As is the case with so many other entrepreneurs, however, the product that launched the company was a bust and never left the laboratory. Facing failure, it was Marshall and Bush who suggested revisiting an earlier idea young Smith had experimented with: a new kind of gaseous tube that would allow radios for the first time to be plugged into a wall socket and operate on electricity rather than batteries. The tube would overcome the need for two expensive, short-lived A and B batteries, the greatest shortcoming to widespread radio use at the time. By devising a way to replace the B battery with a tube, the small company not only beat out the army of researchers and engineers of RCA, Westinghouse and other corporate giants, it produced a device that forced the entire radio industry into a new direction and made radios affordable and accessible to every household. Perfected and introduced to the public in 1925, the tube, known technically as a gaseous rectifier and marketed under the brand name Raytheon, brought in more than $1 million in sales by the end of 1926 and positioned the company as a major contributor to the fast-growing radio tube market for nearly two decades.

In 1925, the year American Appliance Company began to take off, an Indiana company made it known that it held prior claim to the American Appliance Company name. Because of the success of the Raytheon radio tube, company officials at that time elected to extend the use of the name to describe the entire organization, and the company's name was officially changed to Raytheon Manufacturing Company. "Ray" comes from "rai," an Old French word that means "a beam of light," while "theon" comes from the Greek and means "from the gods." Furthermore, both the product and company name were deemed scientifically appropriate given groundbreaking research at the time on the mystery of the Wolf-Rayet star Zeta Puppis, which emitted bright ultraviolet lines believed to be the result of gaseous substances. Laboratory experiments by C.G. Smith on the source of these gases became the basis of crucial importance to his development of the company's radio tube.

Benefits and Perks

Raytheon offers various levels of Medical, Dental and Prescription drug coverage, as well as vision and health care reimbursement and a wide variety of income protection programs including long and short term disability, life insurance plans, and accidental death insurance policies.

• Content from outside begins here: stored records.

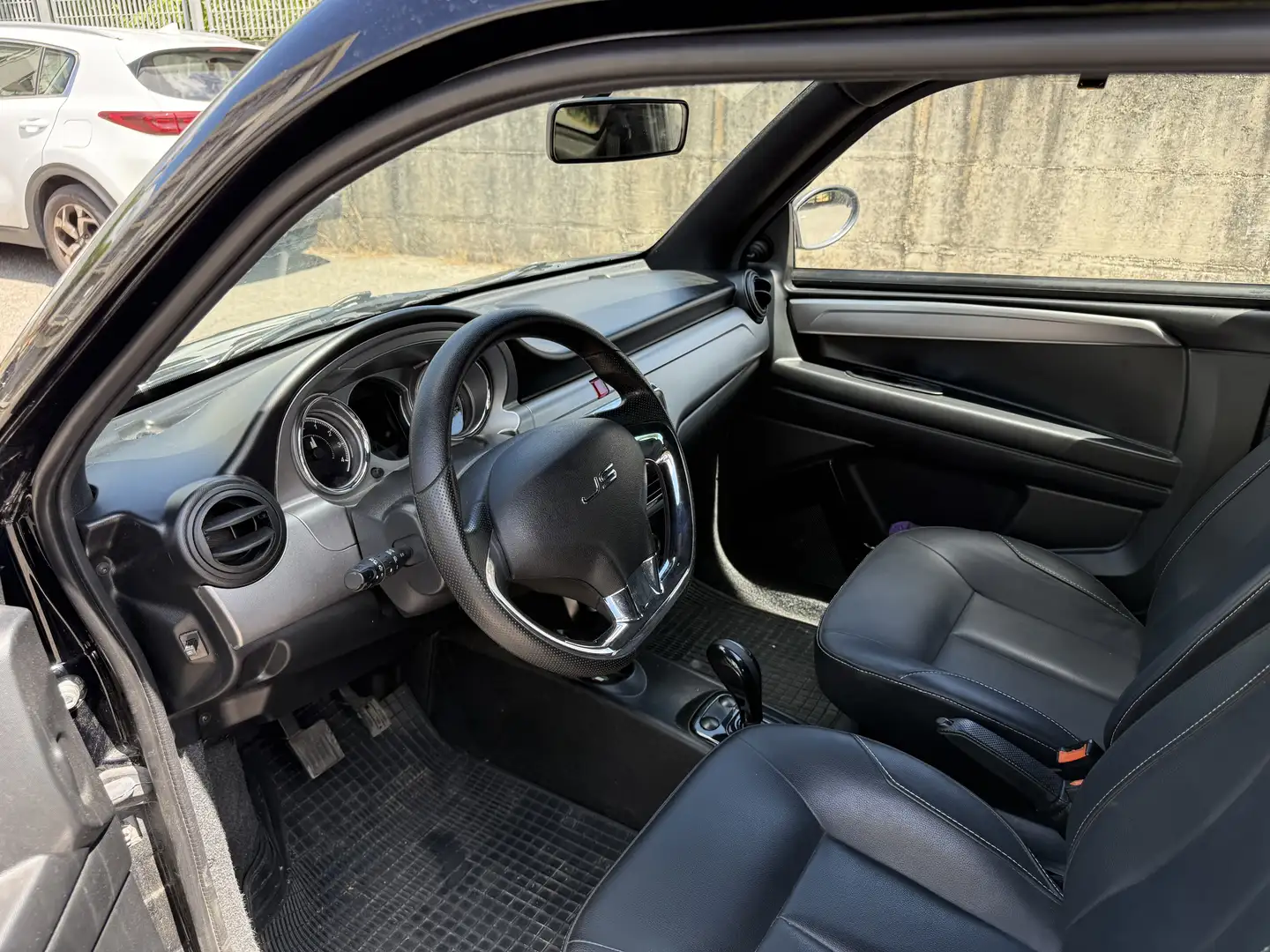 Ligier JS 50 interni in pelle schermo touch multifunzione - 2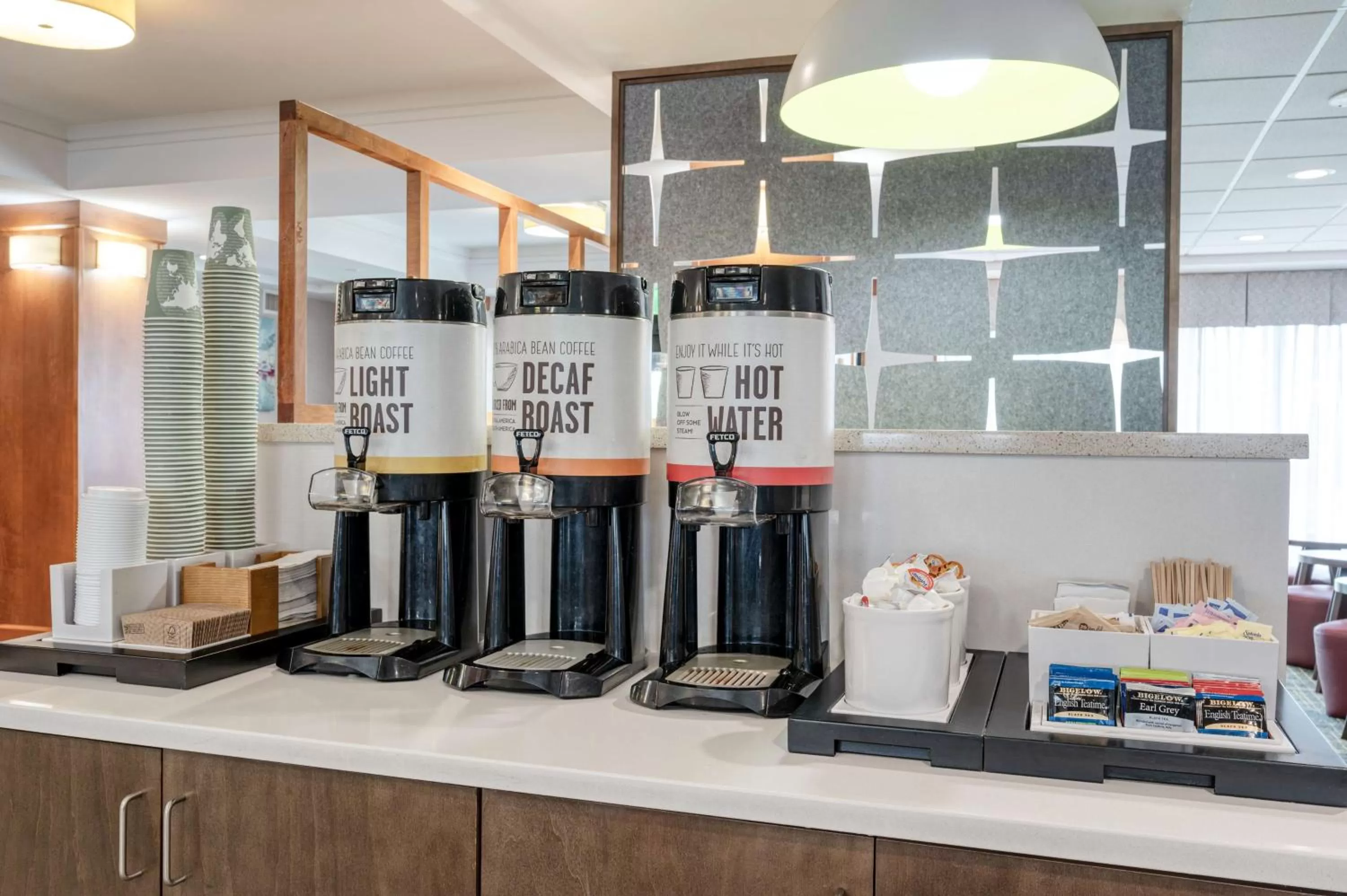 Dining area in Hampton Inn Baltimore/White Marsh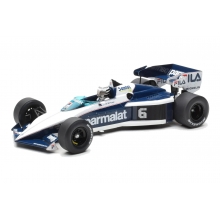 MCG 18619 1:18 1983 BRABHAM BT52 JOHN PLAYER TEAM LOTUS PARMALAT 6 R PATRESE SUDAFRIKA GP WHITE BLUE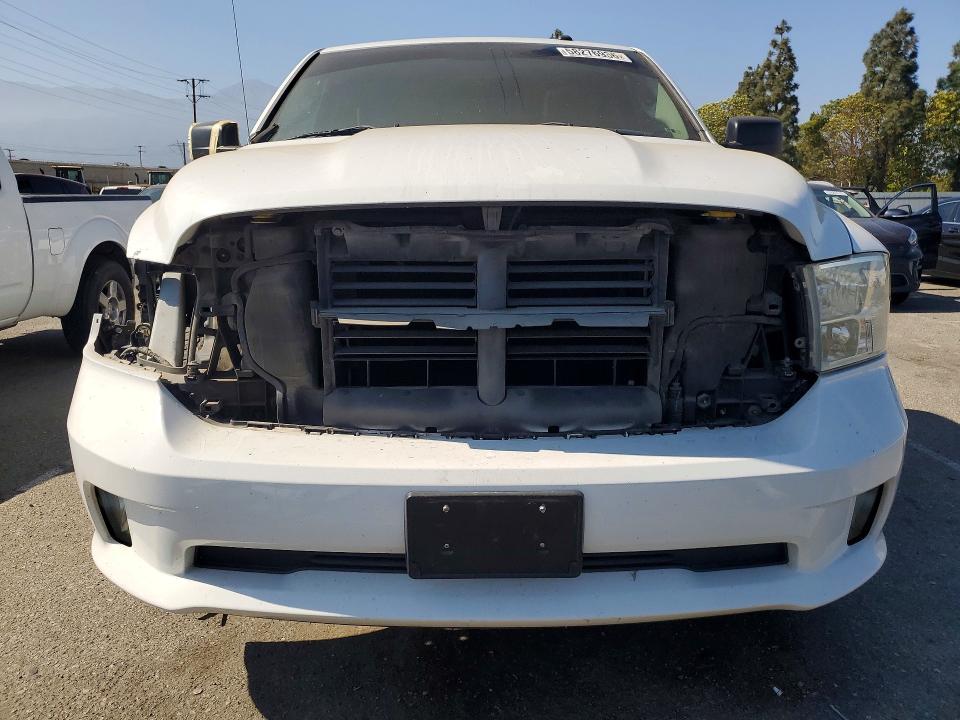 58276936 :رقم المزاد ، 3C6JR6AG2FG698793 vin ، 2015 Ram 1500 مزاد بيع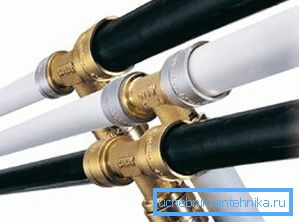 Die Verwendung von Metallbeschlägen verlängert die Lebensdauer der Verbindungen. Die Verwendung von Metallbeschlägen verlängert die Lebensdauer der Verbindungen.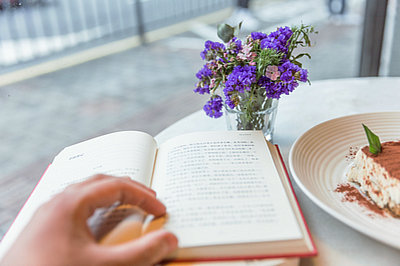 報考在職研究生必須是在職人員嗎？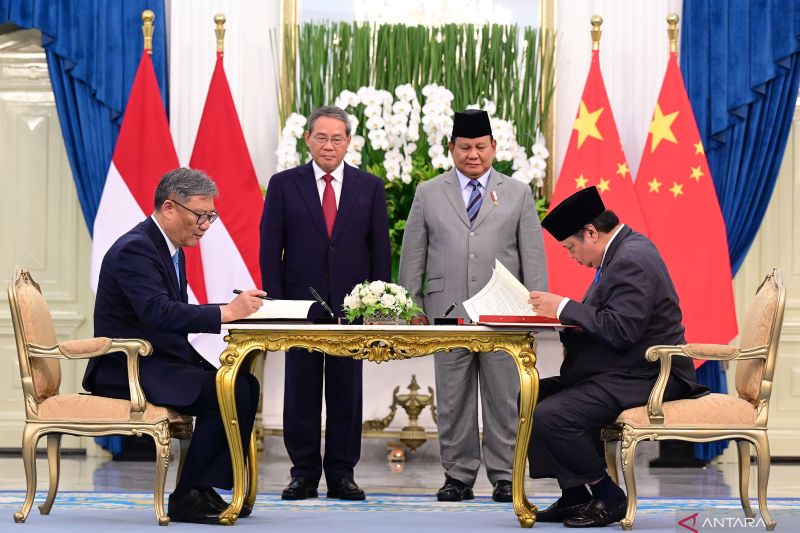 ri-china-sepakati-penguatan-kerja-sama-ekonomi-dan-rantai-pasok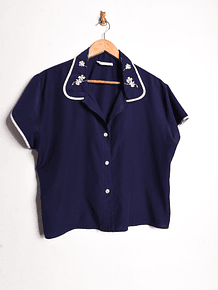 Blusa azul cuellito bordado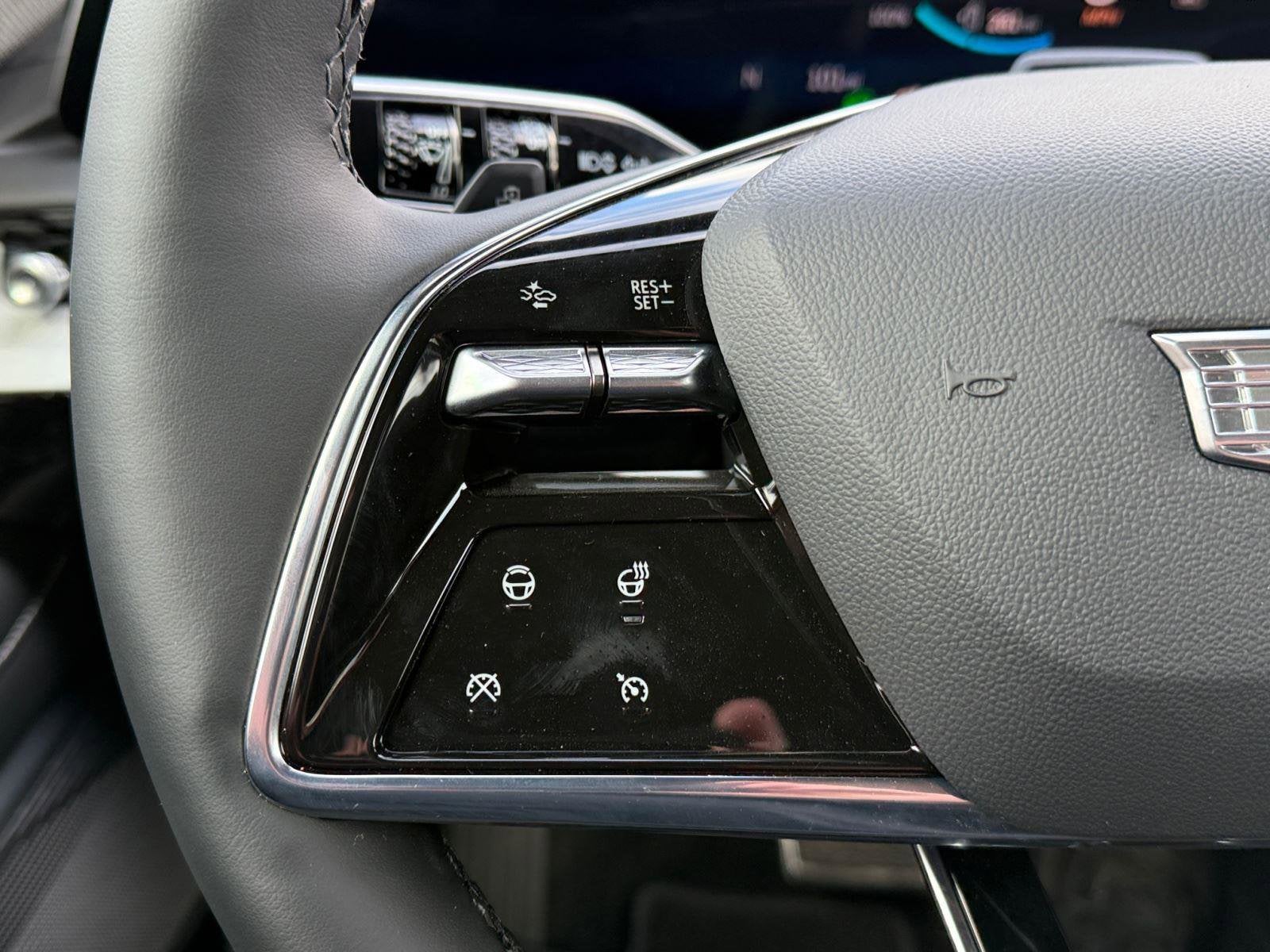 2025 Cadillac OPTIQ Luxury 1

Raytheon's retirement plans include a pension program (vested after five years) and an immediately vested 401(k) savings plan with up to 20% of employee's income, matching 100% of the contribution to the first 4% of eligible compensation. Raytheon also offers a stock ownership program for all of its employees.

Other benefits offered include tuition reimbursement, 12 holidays per year, earned paid time off, reimbursement accounts for dependent care, life resources, adoption assistance, home and auto insurance discounts.